A chemical-weapon attack in Syria last summer that the U.S. says killed more than 1,400 people was the world's worst human rights violation of 2013, the Obama administration concluded Thursday.
The report, an annual survey by the State Department of global human rights abuses, also foreshadowed the unrest that has gripped Ukraine in recent weeks and toppled its government.
The survey singled out many of the usual suspects: Iran, for manipulation of elections and civil liberties restrictions; North Korea, for rampant reports of extrajudicial killings, detentions, and torture; and Belarus, for beatings of protesters and a lack of checks and balances by its authoritarian government.
“The fundamental struggle for dignity…is a driving force in society,” said Secretary of State John Kerry. “This year’s report, we think is especially timely. It comes on the heels of one of the most momentous years for human rights in modern history.”
In a press conference, Kerry called out Syria, Venezuela, North Korea and Uganda among a handful of other countries for their extensive human rights violations in the past year, but the department said the Aug. 21 chemical weapons attack on a Damascus suburb was "one of many horrors in a civil war filled with countless crimes against humanity, from the torture and murder of prisoners to the targeting of civilians with barrel bombs and Scud missiles, which has claimed more than 100,000 lives."

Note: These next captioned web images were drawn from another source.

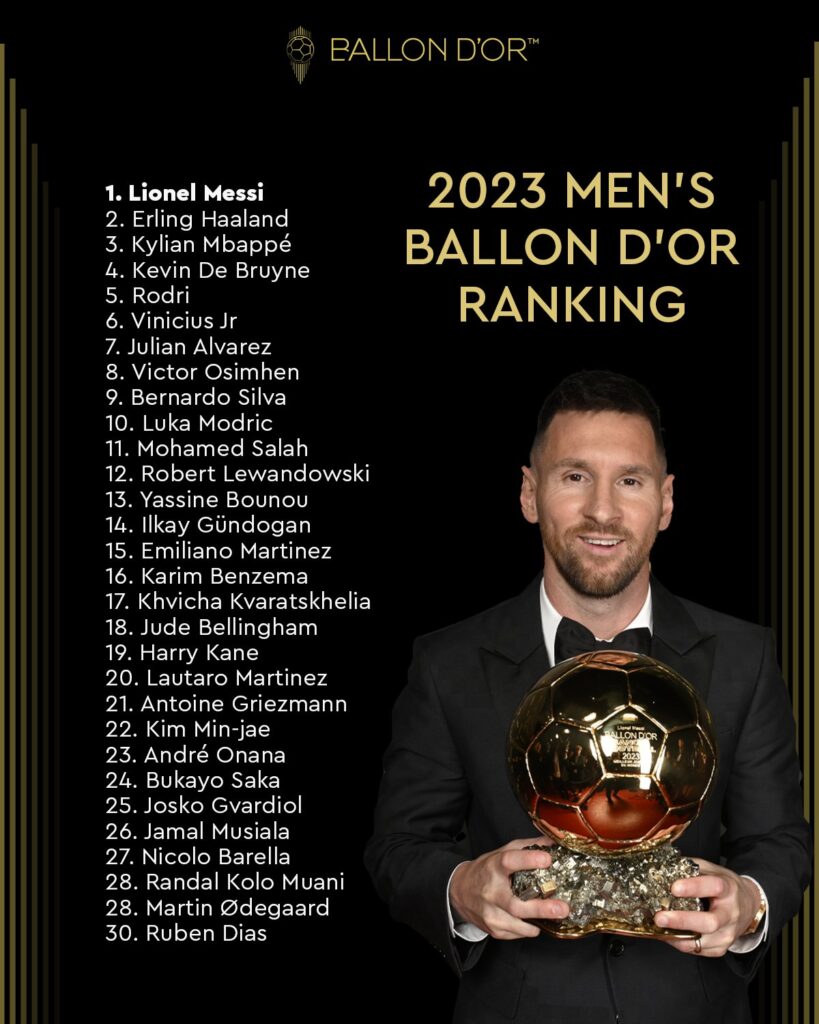 Messi Secures Historic 8th Ballon d’Or: Undisputed Football Great 5 2023 rankings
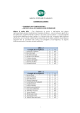 COMUNICATO STAMPA • CANDIDATI ALLE CARICHE SOCIALI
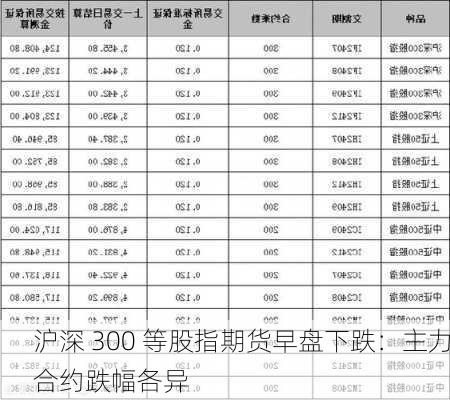 沪深 300 等股指期货早盘下跌：主力合约跌幅各异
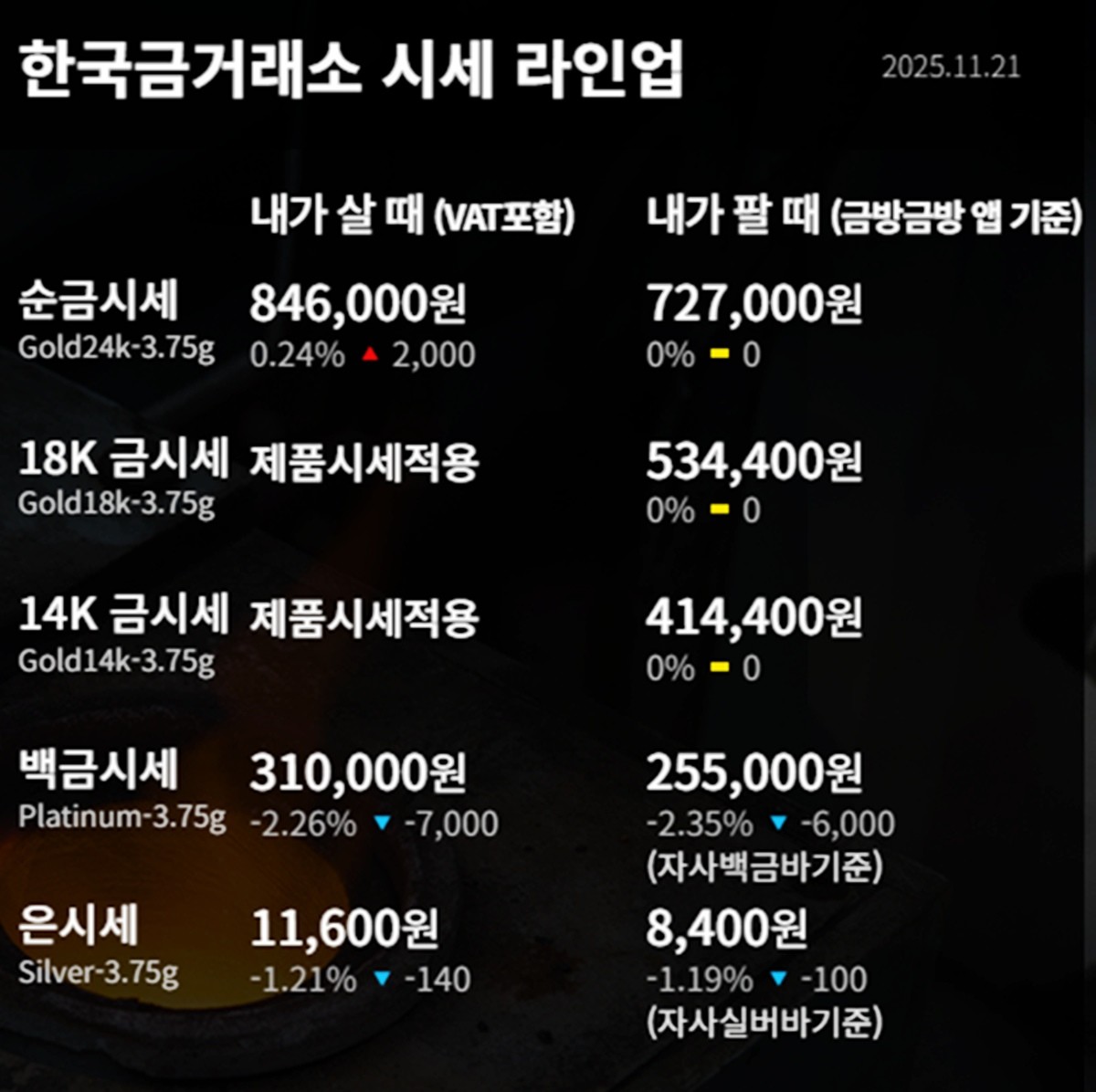 한국금거래소 금·은 시세 / 공식 홈페이지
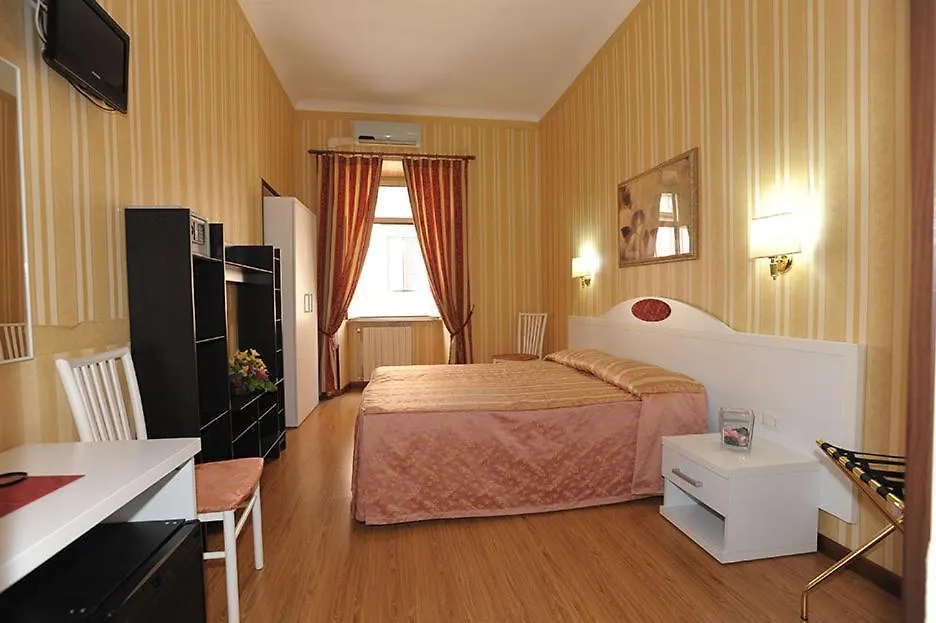 Bed and Breakfast Belvedere Termini Рим Отель типа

"The tragedy that has befallen the Syrian people stands apart in its scope and human cost," the report concluded.
At least 1,429 civilians, including over 400 children, were killed in the chemical-weapons attack in the midst of Syria’s on-going civil war, which the report called one of the “most egregious human rights problems” of 2013.
Kidnappings, targeted killings of journalists, protesters, torture of women and children and deplorable prison conditions are among a litany of major issues in Syria, according to the report.
The report also highlighted government crackdowns on peaceful protests in Ukraine and Russia's refusal to punish human rights abusers during 2013.
Those findings showed the brewing unrest in Ukraine over the past year that erupted this month, forcing President Viktor Yanukovich to flee the capital, Kiev. On Thursday, Russian news agencies reported Yanukovich was staying at a Kremlin sanatorium, outside Moscow, for protection.
In Ukraine, according to the report, parliamentary elections did not meet international standards for fairness or transparency, and security forces beat protesters with batons and employed other forms of force at a peaceful Nov. 30 demonstration against the government in Kiev's main square.
But the report said the most egregious abuse in Ukraine last year was the government's crackdown on media, including violence against journalists. It criticized Yanukovich's government for increasing pressure on civil-society activists and non-government organizations.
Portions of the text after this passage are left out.